Mexico's Elektra Swings To 1Q Loss On Financial Instruments
April 11 2012 - 11:33AM
Dow Jones News
Mexican retail and banking firm Grupo Elektra SAB (ELEKTRA.MX)
said Wednesday its net profit turned negative during the first
quarter due to losses on financial instruments that had generated
extraordinary gains for the company in recent quarters.

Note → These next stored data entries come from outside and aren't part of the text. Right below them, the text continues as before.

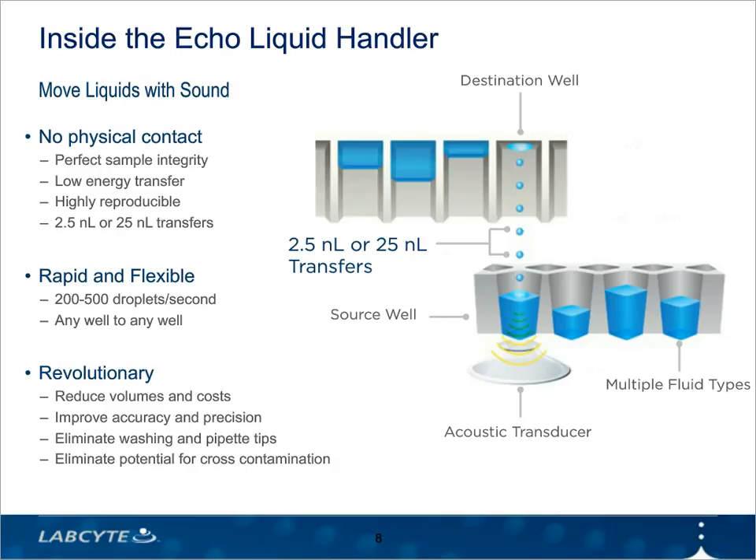Inside the Echo Liquid Handler is LabCite's core technology: acoustic liquid handling. Echo Liquid Handlers use an acoustic transducer located under the source microplate to emit acoustic energy through the bottom of the plate up to the meniscus of the sample or reagent. When this acoustic pulse hits the meniscus, a droplet is ejected upward into a destination well. The process requires very little energy, so there's no harm to the sample. Depending on the model, the droplet volume can be 2.5 or 25 nanoliters, and the rate of droplet ejection can range from 200 to 500 drops per second.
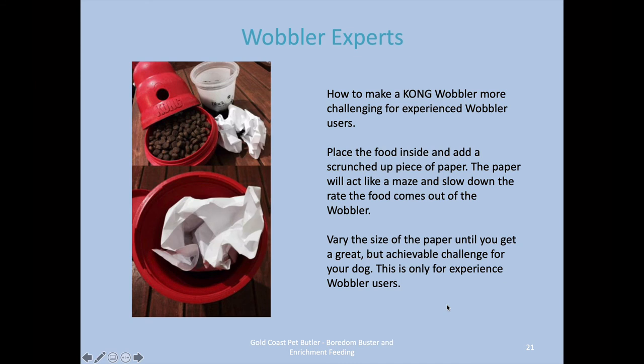For Wobbler experts who start to get the food out fairly quickly, you just need to be a little bit creative. In here we've put in some scrunched-up paper to work as a maze for the food to go through in order to get out of the Wobbler. You can play with different levels of scrunched-up paper, and just shoving things in there to slow down the food coming out is all you need to do. That's why the Wobbler is one of the best toys — it's one of the few you can actually do that with.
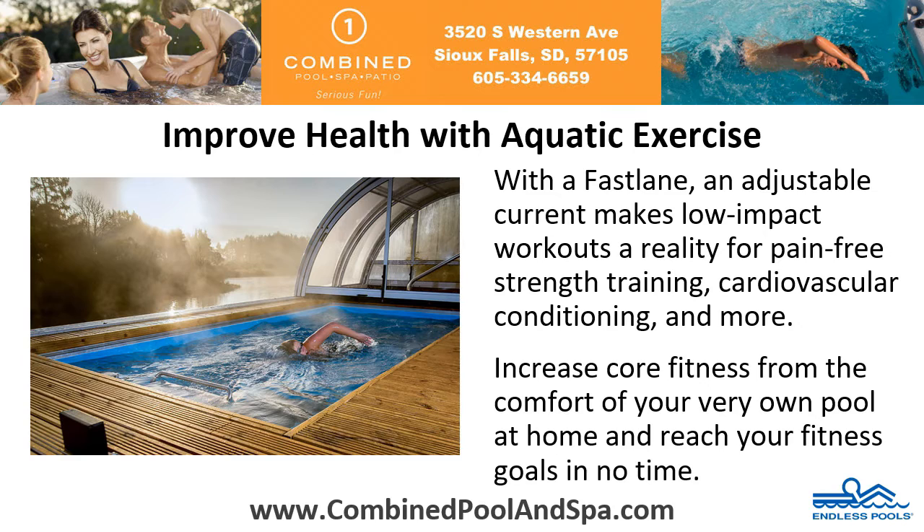Improve health with aquatic exercise. With the Fastlane, an adjustable current makes low-impact workouts a reality for pain-free strength training, cardiovascular conditioning and more. Increase core fitness from the comfort of your very own pool at home and reach your fitness goals in no time.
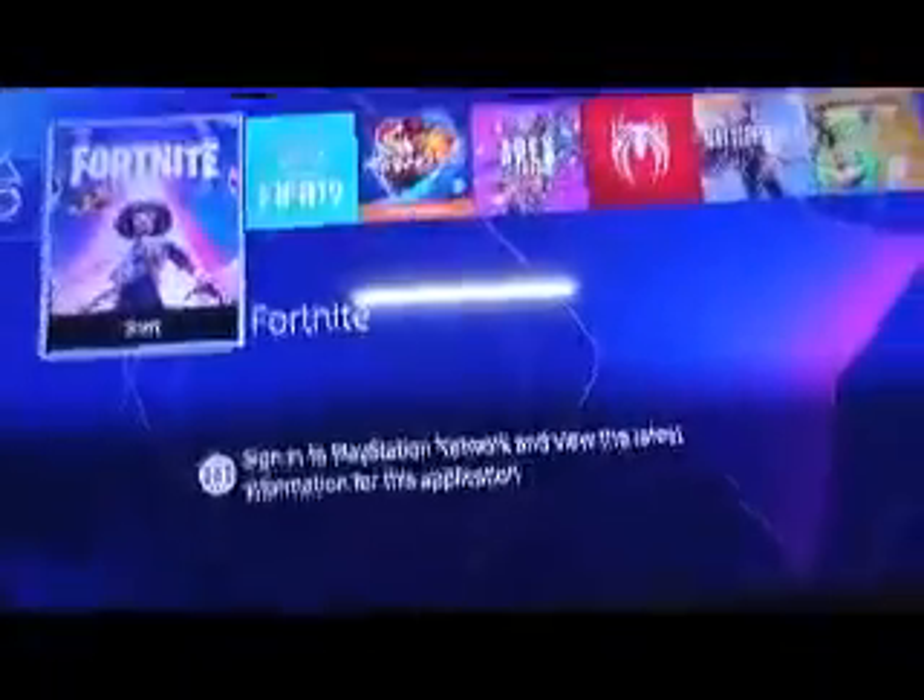This is my PS4. For now I am only playing these games. Inshallah, in the future I will get more games. So this was my PS4.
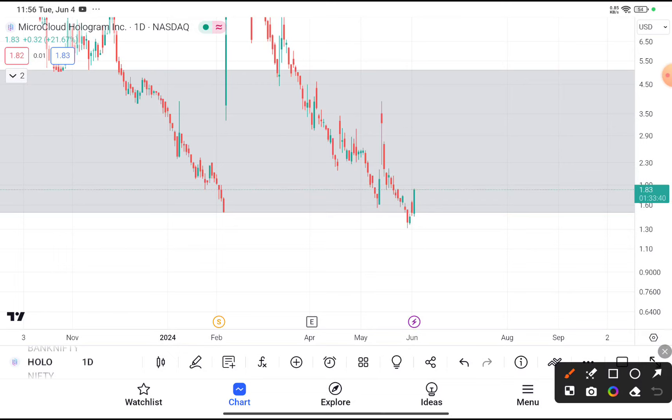You have clearly seen that HOLO stock is currently near about $1.83. If you are thinking to buy this stock at this price, I definitely recommend you buy it. Yesterday when I was making a video, I already told you: if this stock goes above $1.6, you can buy it by putting your stop loss at $1.3. Your target price should be near about $3.5.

Elektra reported a quarterly net loss of 3.83 billion pesos
($291 million) compared with a net profit of MXN622 million in the
year-ago quarter and a MXN11.07 billion net gain in the fourth
quarter. Thinly traded Elektra shares recently moved 2% higher on
the Mexican Stock Exchange, to MXN1,240, outpacing the broader IPC
index's 0.6% advance.
The first-quarter earnings loss stemmed from a MXN7.08 billion
decrease in non-cash financial income as a result of a shift in the
value of financial instruments in the company's possession. That
was offset by a MXN1.80 billion decrease in tax provisions.
Elektra sells items such as kitchen appliances on credit, while
also offering banking services. In addition to Mexico, the company
operates in Argentina, Brazil, El Salvador, Guatemala, Honduras,
Panama and Peru.
Earnings before interest, taxes, depreciation and amortization,
or Ebitda, were 54% higher compared with the first three months of
2011, at MXN3.31 billion, for an Ebitda margin of 22% versus 19% a
year-earlier. Revenue rose 35% to MXN15.11 billion.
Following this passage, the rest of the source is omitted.